They told their stories, like Barthelme, as sequences of short, eccentric, perfectly formed little scenes

They told their stories, like Barthelme, as sequences of short, eccentric, perfectly formed little scenes

By the time Barthelme died, the meta-fictional landscape had pretty much already subsided-and with the possible exception of Pynchon-whose fabulations were growing increasingly concerned with the real world of Reaganomics (Vineland) and 9/11 (Bleeding Edge)-most of the writers who attended Barthelme’s Postmodern Dinners in New York were fading from center stage in Manhattan’s always-fickle literary scene. But while the likes of Barthelme, Gass, Robert Coover, and Walter Abish were no longer celebrated as much as the new generation of so-called “minimalists,” it’s hard not to see Barthelme’s influence in the work of those who came after him: Raymond Carver, Tobias Wolff, Ann Beattie, Richard Ford, and even Donald’s younger brother Frederick. And just like Barthelme, they broke our hearts, over and over again-whether wild or mundane, weirdly unbelievable or all too believable-with reflections of our common, ineffable, and totally surreal human life.

And many of his late stories focus on the private lives of men and women who were-like Barthelme and his various partners-lively, sad, lost, gentle, angry, and always searching for the next relationship or story

Barthelme might have had a less successful career if not for a few decent bursts of luck along the way. His youthful occupation as a museum curator developed in him a fondness for discordantly arranged items and subjects, and as an influential, prescient editor of Forum at the University of Houston, he became an early proponent of the likes of Gass, Norman Mailer, and Walker Percy, all of whom eventually (and not coincidentally) became early proponents of Barthelme. Through these developing connections, he found an important literary agent in New York, and in 1963 he was taken on board by the most powerful fiction editor of his time, Roger Angell at The New Yorker .

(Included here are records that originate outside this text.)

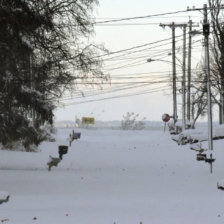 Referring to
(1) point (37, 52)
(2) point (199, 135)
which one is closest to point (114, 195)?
(1) point (37, 52)

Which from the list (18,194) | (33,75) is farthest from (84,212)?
(33,75)

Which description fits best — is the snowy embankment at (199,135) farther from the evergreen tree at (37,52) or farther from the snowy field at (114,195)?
the evergreen tree at (37,52)

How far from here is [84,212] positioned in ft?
33.0

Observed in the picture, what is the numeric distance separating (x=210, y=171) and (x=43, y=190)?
24.4 ft

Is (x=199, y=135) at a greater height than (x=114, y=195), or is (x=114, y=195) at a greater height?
(x=199, y=135)

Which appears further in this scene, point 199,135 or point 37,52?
point 199,135

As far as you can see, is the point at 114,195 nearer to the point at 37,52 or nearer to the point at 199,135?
the point at 37,52

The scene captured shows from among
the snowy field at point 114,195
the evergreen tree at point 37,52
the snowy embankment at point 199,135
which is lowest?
the snowy field at point 114,195

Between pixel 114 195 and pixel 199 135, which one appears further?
pixel 199 135

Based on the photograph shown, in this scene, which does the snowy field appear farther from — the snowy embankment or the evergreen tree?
the snowy embankment

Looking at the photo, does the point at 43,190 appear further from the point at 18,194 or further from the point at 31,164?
the point at 31,164

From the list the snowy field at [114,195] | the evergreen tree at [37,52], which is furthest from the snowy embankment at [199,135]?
the evergreen tree at [37,52]

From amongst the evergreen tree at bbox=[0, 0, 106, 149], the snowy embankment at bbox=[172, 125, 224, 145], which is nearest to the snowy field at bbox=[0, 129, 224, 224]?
the evergreen tree at bbox=[0, 0, 106, 149]

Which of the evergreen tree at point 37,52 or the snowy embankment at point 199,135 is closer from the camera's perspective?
the evergreen tree at point 37,52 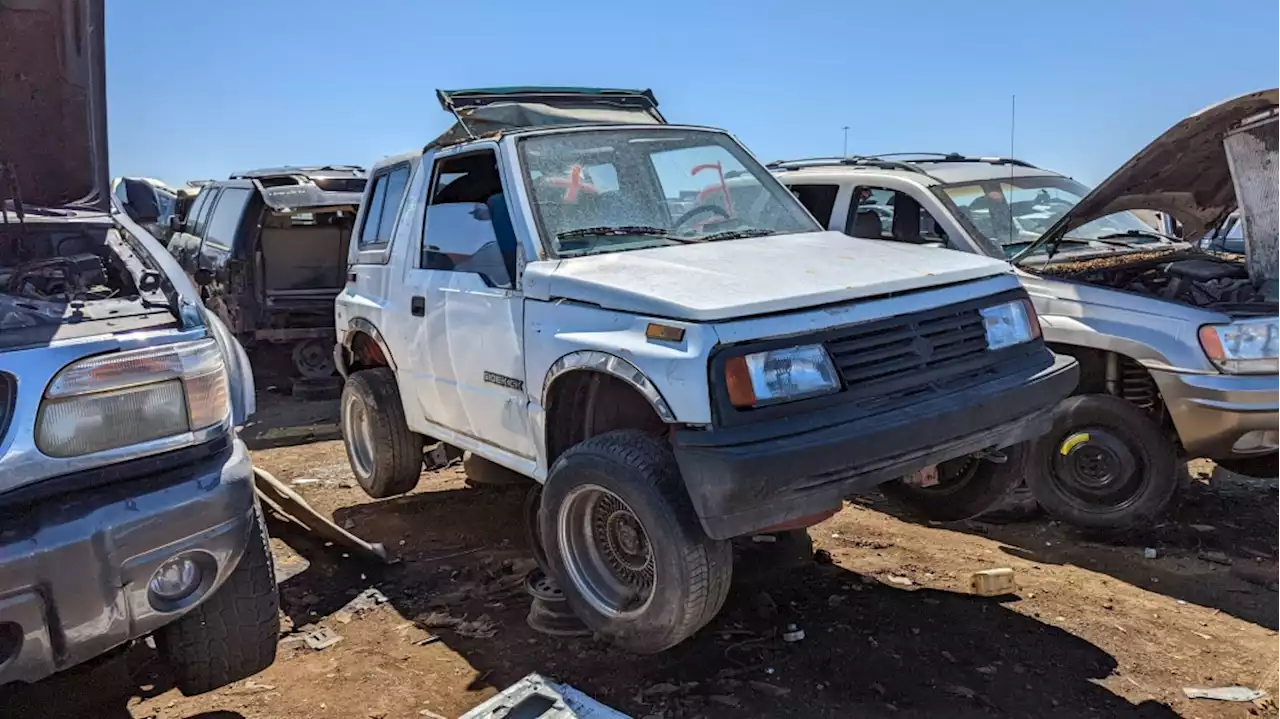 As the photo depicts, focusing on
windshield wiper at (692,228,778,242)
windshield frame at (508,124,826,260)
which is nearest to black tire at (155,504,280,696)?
windshield frame at (508,124,826,260)

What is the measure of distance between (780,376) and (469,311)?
5.70 feet

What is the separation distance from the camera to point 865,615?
3920mm

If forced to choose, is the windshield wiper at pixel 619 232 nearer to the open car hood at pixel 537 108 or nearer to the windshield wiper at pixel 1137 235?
the open car hood at pixel 537 108

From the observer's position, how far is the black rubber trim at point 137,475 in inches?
96.3

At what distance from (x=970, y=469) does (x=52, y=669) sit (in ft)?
11.5

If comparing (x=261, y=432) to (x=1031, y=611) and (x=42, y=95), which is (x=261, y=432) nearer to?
(x=42, y=95)

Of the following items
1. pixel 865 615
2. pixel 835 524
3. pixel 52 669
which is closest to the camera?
pixel 52 669

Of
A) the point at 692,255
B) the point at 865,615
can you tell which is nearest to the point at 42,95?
the point at 692,255

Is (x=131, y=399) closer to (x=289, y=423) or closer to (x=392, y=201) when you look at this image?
(x=392, y=201)

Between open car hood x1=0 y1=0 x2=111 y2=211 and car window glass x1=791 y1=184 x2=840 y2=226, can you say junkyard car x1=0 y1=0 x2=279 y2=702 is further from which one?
car window glass x1=791 y1=184 x2=840 y2=226

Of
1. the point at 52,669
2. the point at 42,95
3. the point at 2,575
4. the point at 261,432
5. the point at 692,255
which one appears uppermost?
the point at 42,95

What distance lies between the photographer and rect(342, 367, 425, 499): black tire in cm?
532

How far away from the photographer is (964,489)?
14.0 feet

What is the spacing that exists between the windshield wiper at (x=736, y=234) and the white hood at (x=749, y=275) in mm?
72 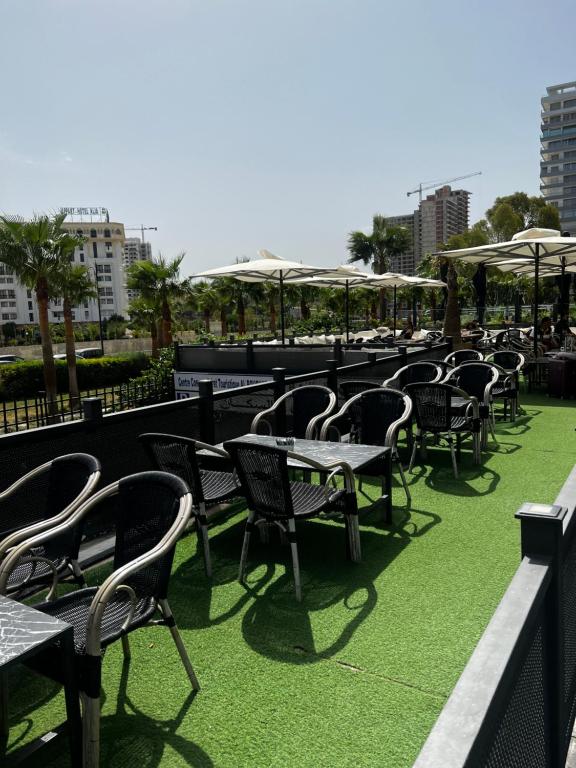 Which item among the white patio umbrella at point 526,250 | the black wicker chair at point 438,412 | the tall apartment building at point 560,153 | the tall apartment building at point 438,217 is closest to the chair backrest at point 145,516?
the black wicker chair at point 438,412

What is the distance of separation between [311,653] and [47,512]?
1651mm

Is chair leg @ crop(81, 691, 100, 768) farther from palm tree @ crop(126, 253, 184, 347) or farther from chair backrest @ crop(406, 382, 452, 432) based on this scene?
palm tree @ crop(126, 253, 184, 347)

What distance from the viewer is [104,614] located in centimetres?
253

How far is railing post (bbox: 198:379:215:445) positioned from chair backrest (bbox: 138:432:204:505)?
1.27 meters

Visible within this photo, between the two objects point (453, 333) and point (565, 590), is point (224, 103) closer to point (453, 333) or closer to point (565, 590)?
point (453, 333)

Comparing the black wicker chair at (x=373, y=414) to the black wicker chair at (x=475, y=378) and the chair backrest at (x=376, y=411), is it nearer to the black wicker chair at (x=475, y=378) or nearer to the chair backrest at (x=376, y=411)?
the chair backrest at (x=376, y=411)

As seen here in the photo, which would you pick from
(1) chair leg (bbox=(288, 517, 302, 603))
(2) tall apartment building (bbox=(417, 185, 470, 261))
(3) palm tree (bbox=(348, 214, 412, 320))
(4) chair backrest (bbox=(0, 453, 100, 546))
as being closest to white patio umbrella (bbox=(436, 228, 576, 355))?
(1) chair leg (bbox=(288, 517, 302, 603))

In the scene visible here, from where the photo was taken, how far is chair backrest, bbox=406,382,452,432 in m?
5.93

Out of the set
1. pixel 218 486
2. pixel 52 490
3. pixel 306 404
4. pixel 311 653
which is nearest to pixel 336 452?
pixel 218 486

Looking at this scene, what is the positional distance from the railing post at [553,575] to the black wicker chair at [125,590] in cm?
144

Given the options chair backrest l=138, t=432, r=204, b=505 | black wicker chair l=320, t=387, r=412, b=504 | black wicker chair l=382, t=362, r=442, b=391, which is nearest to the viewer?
chair backrest l=138, t=432, r=204, b=505

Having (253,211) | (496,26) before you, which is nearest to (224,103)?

These so-called more “realistic” writers all seemed Barthelmian in their own quiet ways, producing short and loosely plotted stories about lost people in broken relationships, always moving homes and jobs, and never quite happy wherever it is they happen to be

Most of his stories read like collages of facts, nonfacts, imaginary blips and bleeps, and quotations from famous figures that might or might not be entirely accurate (Schlegel, Daumier, Goethe, Kierkegaard all commonly appear, or are quoted); others include actual collages that operate more as discordant juxtapositions than as commentaries-as in “At the Tolstoy Museum,” which features some geometric lines and mismatched pillars surrounding a huge bust of the Russian novelist over the caption: “Museum plaza with monumental head (Closed Mondays).” Or “The Explanation,” in which “Q.” and “A.” debate the qualities and uses of a “machine” that is illustrated by a recurring large black box that takes up a third of the page and seems to signify nothing. (Another story is titled “Nothing: A Preliminary Account.”)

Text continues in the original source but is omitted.